11  Fundamentals of Data Acquisition

We will first finish reviewing electrical circuits, to finish up Chapter 5 and Chapter 2 of Dally, Riley, and McConnell (1993). Then we will start do discuss analog-to-digital conversion.

The first set of slides can be found here.

We are then ready to understand the following concepts, as illustrated in Chapters 6 and 7 of Figliola and Beasley (2019):

• Loading errors and impedance matching (Section 6.5, Example 7.8)
• Analog-to-Digital Converters (Equations 7.14, 7.15, Example 7.4)
• Filters: (maybe Example 7.9)

Technical Questions

1. When conneting different stages of our instrument (e.g., an analog device to an A/D converter), why is it that for current source inputs, we want to have \(Z_2\) (the impedance of the next stage) be smaller than that of the source? Can you derive the expression for the loading error in this case (i.e., \(e_I = I_2 - I_1\) where \(I_1\) is the current that would circulate if we short-circuit the terminals of our first device – the source – and \(I_2\) is the current that is pushed through the second device when connected)? Why is it \(e_I = V_1 \frac{-Z_2}{Z_1^2 + Z_1 Z_2}\)?

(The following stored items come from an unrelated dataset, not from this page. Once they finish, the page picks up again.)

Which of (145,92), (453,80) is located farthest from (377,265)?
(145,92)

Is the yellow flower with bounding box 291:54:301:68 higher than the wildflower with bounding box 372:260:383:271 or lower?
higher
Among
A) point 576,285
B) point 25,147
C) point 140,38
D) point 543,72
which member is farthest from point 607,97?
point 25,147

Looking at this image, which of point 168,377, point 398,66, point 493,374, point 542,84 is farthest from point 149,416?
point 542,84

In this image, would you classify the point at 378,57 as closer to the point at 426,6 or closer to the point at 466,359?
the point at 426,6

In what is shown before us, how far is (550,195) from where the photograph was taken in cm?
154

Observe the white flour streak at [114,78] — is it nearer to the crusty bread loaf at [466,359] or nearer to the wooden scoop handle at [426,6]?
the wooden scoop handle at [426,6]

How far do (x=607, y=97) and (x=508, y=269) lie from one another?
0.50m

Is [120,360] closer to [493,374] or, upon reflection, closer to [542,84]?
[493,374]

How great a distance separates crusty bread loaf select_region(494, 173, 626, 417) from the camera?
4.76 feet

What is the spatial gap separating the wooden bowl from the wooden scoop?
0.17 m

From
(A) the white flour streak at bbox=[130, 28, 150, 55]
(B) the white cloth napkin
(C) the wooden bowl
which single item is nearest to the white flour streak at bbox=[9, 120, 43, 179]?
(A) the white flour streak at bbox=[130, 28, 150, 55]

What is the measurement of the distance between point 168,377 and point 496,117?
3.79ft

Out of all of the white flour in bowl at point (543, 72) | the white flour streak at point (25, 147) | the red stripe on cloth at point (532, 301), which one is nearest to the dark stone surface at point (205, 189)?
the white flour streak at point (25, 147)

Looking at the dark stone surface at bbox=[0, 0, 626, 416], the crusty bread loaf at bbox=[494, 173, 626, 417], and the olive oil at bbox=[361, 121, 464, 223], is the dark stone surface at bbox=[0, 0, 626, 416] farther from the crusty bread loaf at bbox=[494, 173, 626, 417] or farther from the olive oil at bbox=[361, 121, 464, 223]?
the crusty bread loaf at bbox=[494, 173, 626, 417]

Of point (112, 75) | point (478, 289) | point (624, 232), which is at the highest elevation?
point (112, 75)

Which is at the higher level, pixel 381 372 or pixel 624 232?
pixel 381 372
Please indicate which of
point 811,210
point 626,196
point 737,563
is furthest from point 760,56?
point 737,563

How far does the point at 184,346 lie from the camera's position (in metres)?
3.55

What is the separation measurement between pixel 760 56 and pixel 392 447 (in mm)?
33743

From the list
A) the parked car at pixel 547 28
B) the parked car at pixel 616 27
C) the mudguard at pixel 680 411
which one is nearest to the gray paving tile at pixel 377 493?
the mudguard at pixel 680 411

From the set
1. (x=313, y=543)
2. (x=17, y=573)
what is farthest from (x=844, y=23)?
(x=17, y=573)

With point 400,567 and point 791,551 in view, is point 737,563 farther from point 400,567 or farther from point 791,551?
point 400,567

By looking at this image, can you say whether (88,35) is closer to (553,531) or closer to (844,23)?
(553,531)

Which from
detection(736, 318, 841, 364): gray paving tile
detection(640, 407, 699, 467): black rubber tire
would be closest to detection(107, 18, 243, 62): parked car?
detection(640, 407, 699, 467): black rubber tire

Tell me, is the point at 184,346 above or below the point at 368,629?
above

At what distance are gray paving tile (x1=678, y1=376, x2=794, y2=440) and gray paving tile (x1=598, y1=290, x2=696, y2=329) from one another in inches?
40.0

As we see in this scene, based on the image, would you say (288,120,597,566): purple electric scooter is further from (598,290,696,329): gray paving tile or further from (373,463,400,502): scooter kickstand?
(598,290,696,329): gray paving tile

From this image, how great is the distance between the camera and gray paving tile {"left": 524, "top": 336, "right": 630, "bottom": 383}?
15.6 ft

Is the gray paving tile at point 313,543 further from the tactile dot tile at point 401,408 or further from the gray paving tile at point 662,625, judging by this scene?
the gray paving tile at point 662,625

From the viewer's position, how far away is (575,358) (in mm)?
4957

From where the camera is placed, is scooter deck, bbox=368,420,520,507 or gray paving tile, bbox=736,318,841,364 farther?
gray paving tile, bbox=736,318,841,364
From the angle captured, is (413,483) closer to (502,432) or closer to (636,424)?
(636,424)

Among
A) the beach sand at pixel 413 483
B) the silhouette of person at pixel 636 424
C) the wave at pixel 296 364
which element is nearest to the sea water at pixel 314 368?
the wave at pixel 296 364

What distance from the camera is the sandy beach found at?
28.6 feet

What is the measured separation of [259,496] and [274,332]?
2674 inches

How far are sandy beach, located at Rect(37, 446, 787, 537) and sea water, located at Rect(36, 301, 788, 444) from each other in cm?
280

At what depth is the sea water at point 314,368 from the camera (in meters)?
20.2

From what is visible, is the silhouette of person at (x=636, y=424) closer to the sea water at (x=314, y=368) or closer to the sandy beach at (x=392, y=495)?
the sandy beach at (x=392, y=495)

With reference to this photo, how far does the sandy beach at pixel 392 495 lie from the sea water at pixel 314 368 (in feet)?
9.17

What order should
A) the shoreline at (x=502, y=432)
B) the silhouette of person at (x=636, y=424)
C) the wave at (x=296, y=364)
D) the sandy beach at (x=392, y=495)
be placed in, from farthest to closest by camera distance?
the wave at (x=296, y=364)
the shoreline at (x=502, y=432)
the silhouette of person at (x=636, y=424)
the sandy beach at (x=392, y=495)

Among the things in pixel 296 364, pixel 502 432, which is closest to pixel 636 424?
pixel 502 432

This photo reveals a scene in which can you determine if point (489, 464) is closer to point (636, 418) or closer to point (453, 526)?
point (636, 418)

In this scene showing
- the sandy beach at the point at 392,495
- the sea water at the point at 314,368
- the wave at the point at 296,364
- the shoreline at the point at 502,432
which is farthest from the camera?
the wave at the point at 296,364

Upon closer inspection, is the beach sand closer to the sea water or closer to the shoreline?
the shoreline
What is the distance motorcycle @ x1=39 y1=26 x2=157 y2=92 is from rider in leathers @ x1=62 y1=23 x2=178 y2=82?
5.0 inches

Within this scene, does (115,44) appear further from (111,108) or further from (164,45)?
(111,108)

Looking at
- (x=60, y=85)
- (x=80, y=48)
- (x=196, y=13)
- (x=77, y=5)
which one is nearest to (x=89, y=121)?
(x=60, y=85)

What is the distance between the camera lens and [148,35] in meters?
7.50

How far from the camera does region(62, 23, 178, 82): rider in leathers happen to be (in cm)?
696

2. Can you show that equation 7.6 from Figliola implies a folding point for aliased frequencies, that is exactly at \(f_s / 2\)?

Dally, James W., William F. Riley, and Kenneth G. McConnell. 1993. Instrumentation for Engineering Measurements. 2nd ed. New York: Wiley.

Figliola, Richard S., and Donald E. Beasley. 2019. Theory and Design for Mechanical Measurements. Seventh edition. Hoboken, NJ: Wiley.